**WHAT YOU NEED TO DO**
Take every line of the material and reproduce it exactly.

**SUPPLIED MATERIAL**
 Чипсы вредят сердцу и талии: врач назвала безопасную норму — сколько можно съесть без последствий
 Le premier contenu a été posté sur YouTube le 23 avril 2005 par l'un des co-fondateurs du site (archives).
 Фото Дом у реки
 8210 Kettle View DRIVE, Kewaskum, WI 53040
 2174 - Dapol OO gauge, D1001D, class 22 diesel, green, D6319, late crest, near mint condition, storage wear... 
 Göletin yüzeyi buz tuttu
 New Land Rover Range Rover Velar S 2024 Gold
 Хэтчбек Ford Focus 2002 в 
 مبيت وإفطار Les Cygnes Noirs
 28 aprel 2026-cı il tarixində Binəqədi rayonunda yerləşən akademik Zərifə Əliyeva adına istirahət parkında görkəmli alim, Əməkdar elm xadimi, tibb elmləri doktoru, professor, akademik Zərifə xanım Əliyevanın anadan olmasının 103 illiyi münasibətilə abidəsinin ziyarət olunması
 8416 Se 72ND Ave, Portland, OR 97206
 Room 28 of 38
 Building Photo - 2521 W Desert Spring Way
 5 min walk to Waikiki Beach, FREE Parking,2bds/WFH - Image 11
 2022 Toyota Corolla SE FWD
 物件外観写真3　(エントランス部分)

**RESPONSE**
 Чипсы вредят сердцу и талии: врач назвала безопасную норму — сколько можно съесть без последствий
 Le premier contenu a été posté sur YouTube le 23 avril 2005 par l'un des co-fondateurs du site (archives).
 Фото Дом у реки
 8210 Kettle View DRIVE, Kewaskum, WI 53040
 2174 - Dapol OO gauge, D1001D, class 22 diesel, green, D6319, late crest, near mint condition, storage wear... 
 Göletin yüzeyi buz tuttu
 New Land Rover Range Rover Velar S 2024 Gold
 Хэтчбек Ford Focus 2002 в 
 مبيت وإفطار Les Cygnes Noirs
 28 aprel 2026-cı il tarixində Binəqədi rayonunda yerləşən akademik Zərifə Əliyeva adına istirahət parkında görkəmli alim, Əməkdar elm xadimi, tibb elmləri doktoru, professor, akademik Zərifə xanım Əliyevanın anadan olmasının 103 illiyi münasibətilə abidəsinin ziyarət olunması
 8416 Se 72ND Ave, Portland, OR 97206
 Room 28 of 38
 Building Photo - 2521 W Desert Spring Way
 5 min walk to Waikiki Beach, FREE Parking,2bds/WFH - Image 11
 2022 Toyota Corolla SE FWD
 物件外観写真3　(エントランス部分)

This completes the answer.